Recently, the practice of performing computation on embedded devices has gained popularity. It is referred to as edge AI, offering numerous advantages:

reduced network bandwidth use;
increased security;
minimized latency;
ability to operate in areas without internet connectivity.

Edge AI also has some disadvantages. First, embedded devices have limited resources, meaning you can’t deploy very complex ML models. Second, it’s challenging to centralize data collection across the entire system, which complicates model retraining.

Some smart home assistants use a hybrid approach. Lightweight ML models are deployed locally on the device that continuously listens for a wake word — such as “Alexa,” “Hey Siri,” or “Hello Google.” Once the wake word is detected, the audio is sent to external servers, where it’s analyzed using speech-to-text neural networks. Next, the system generates a response and returns an audio reply.

Running AI algorithms directly on embedded devices allows advanced capabilities, including:

detecting abnormalities in equipment behavior and predicting maintenance needs;
identifying images, speech keywords, or gestures and triggering specific actions;
analyzing collected data and learn patterns to suggest further actions;
adjusting the system according to real-time changes in the environment.

However, to make edge AI work effectively, several steps must be taken to implement it properly.

How to get started with AI on an embedded system?

The stages of creating neural networks are the same for cloud and edge computing. They include data collection, feature extraction, model training, model validation, and model deployment.

For AI embedded systems, there are a few extra steps to consider. After validation, the model should be compressed to meet the embedded system requirements. This is achieved using tools like LiteRT (formerly Tensorflow Lite), which produces a smaller .tflite format model. It’s also important to test the model after deploying it to the microcontroller to ensure it performs just as during desktop testing.

Our embedded AI development services cover the full workflow for creating neural networks on embedded systems, including:

Infographic illustrating the step-by-step process of designing neural networks for embedded systems

Collecting data from sensors. Use the same sensor for training and inference, another word for applying an ML model to unseen data.
Extracting features. When signals are involved, it means applying digital signal processing, such as de-noising and performing a Fourier transform.
Model training. Should be performed on a desktop because this task requires significant resources. Frameworks such as Tensorflow, Keras, or PyTorch are typically used for this purpose. Python can be used to configure various hyperparameters of the neural network.
Validation. Before training the model, a portion of the dataset, typically 10-20%, is dedicated to model validation. This data is not used during the training process; instead, it is used to predict labels or outputs. A confusion matrix is a popular tool for this evaluation. If you are not satisfied with the performance of the trained model, you can adjust the hyperparameters to improve it.
Model deployment. Since the model is essentially binary data, it can be loaded onto the microcontroller and the firmware. Employ a framework that makes an inference based on input data and the model itself. The TensorFlow framework provides several options, including a generic C++ library and specific libraries for platforms like Arduino and ESP32 (however, not all platforms and hardware are supported). Additionally, most of these libraries are designed for C++, so a C++ compiler is necessary.
Testing whether the model replicates its desktop performance. Over time, additional data can be collected while the model is deployed to refine and retrain it.

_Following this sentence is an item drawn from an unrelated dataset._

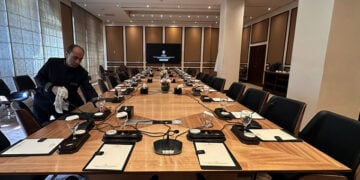 Αίθουσα συνεδριάσεων του ξενοδοχείου Serena στο Ισλαμαμπάντ, όπου φιλοξενήθηκαν συνομιλίες ΗΠΑ-Ιράν, 15 Απριλίου 2026 (φωτ.: EPA / Sohail Shahzad)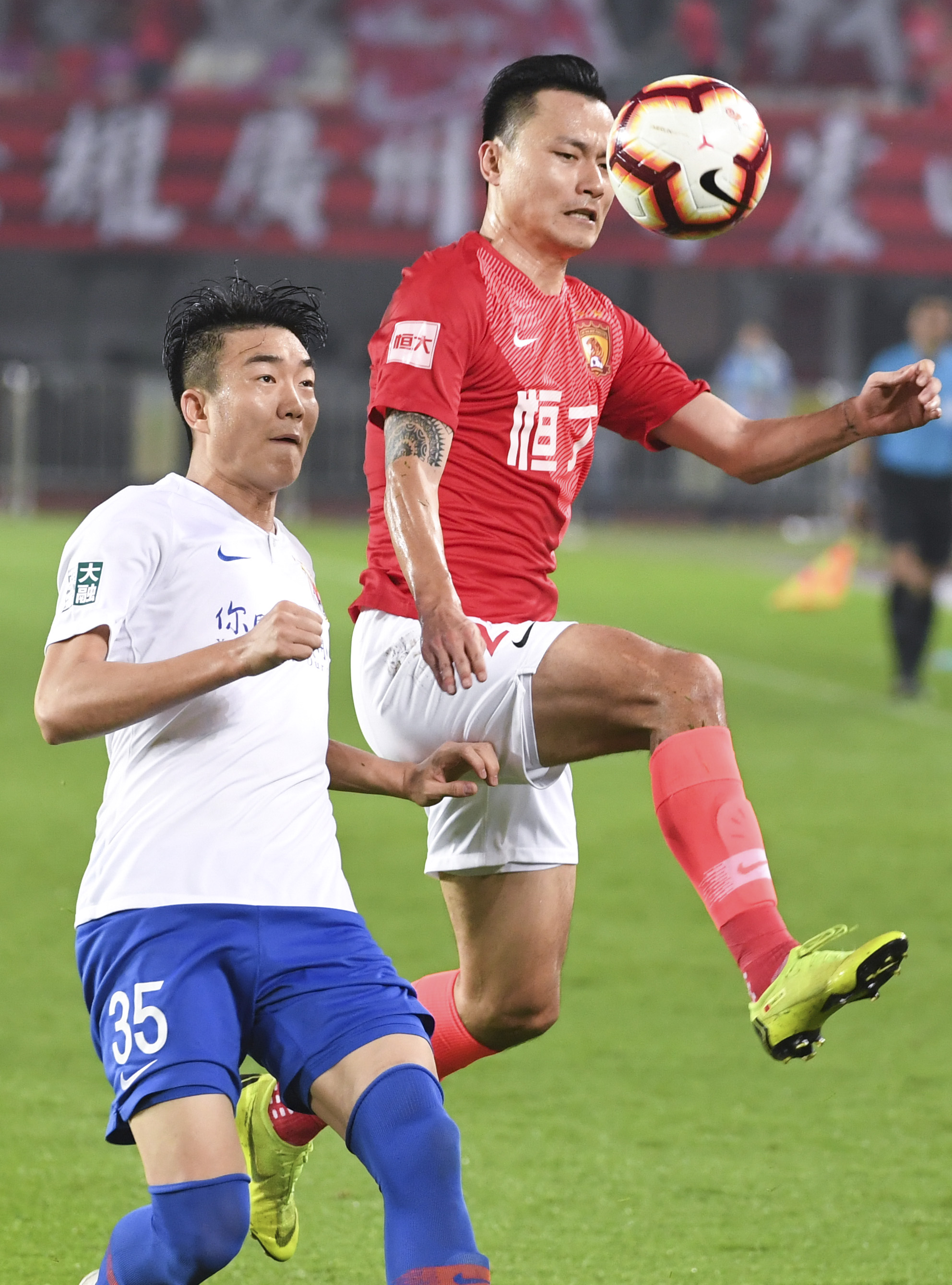 广州恒大客场大胜山东鲁能，稳固领跑地位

How to embed AI into your embedded system_ - Article CTA 1 - Lemberg Solutions-1.jpg

How to implement AI in embedded systems: Speech keyword recognition example

Let’s consider a practical example of embedded artificial intelligence by deploying a pre-trained model for keyword recognition in human speech, similar to what smart assistants do. We will use a model trained with TensorFlow and optimized by LiteRT in the form of Flat Buffer and STM32 microcontroller as a target device. We will structure our speech recognition demo using a micro speech example from TensorFlow Lite. If you want to train your model by adding custom keywords, use these resources: TensorFlow Simple Audio.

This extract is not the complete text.